McLaine declined to discuss her complaint in detail. She said, however, that it was a last resort when her situation at Town Hall became untenable.
“It’s not something I wanted to do against my town,” she said.
In Selee’s complaint, the court clerk claims the all-female town clerk and court offices are treated poorly by the Joyce Administration in comparison to others in Town Hall. Among her accusations, she said the town didn’t pay her for vacation time she was allotted by Van Woeart, falsely accused her of doctoring her time sheets and expected to cover the extra workload created when Van Woeart was removed from the second clerk’s position, despite not receiving any added compensation.
“Since Supervisor Joyce and his team have taken control, the environment in this town has become hostile,” she wrote in the complaint obtained by The Daily Gazette. “I fear this complaint will result in worse conditions and retaliation.”
In her complaint, McClaine accuses the all-male Town Board of cutting personnel in her department and her budget. She claims her office and the court were both subject to cuts in January, unlike other departments supervised by men.
McClaine also claims the board passed resolutions regarding the application of the state’s Freedom of Information Law that would “be in violation” of her duties as clerk. She claims Joyce referred her to the town’s Ethics Board last month in retaliation for filing a complaint.
Van Woeart’s complaint also claims she’s faced unlawful discrimination because of her sex. She also names Joyce in her complaint.

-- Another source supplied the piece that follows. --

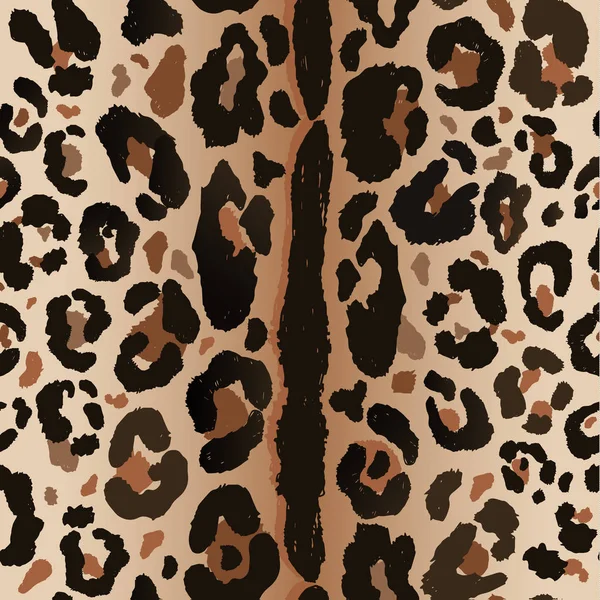 Patrón de naturaleza salvaje de leopardo sin costuras. Vector animal print . — Archivo Imágenes Vectoriales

Joyce deferred comment to Michael Cuevas, the town’s attorney. Cuevas acknowledged the complaints, but declined to discuss them in detail.
“It’s an open matter,” he said. “Claims have been made against the town and I’ll be defending them to the best of our ability.”
The complaints are yet another volley in ongoing hostilities between the Joyce Administration and Van Woeart. There has also been significant friction between McClaine’s office and the supervisor’s office.
Earlier this month, Deputy Supervisor Norm Miller filed a lawsuit against Van Woeart, claiming she publicly slandered him during a video-recorded Town Board meeting by wrongly accusing him of killing a man. The legal action asks for $500,000 in damages from the town justice.
Last year, the board forced Van Woeart out of her court clerk’s position after the state Attorney General’s Office issued an opinion advising that the post was subordinate to the elected justice position, rendering the two jobs “incompatible.” She then filed an Article 78 lawsuit against the town, which was subsequently dismissed by a state Supreme Court justice; she has since appealed the ruling.
Van Woeart also filed an unemployment insurance claim for losing her clerk’s job. The town contested the claim, but an administrative law judge sided with Van Woeart earlier this year, a decision the town has since appealed.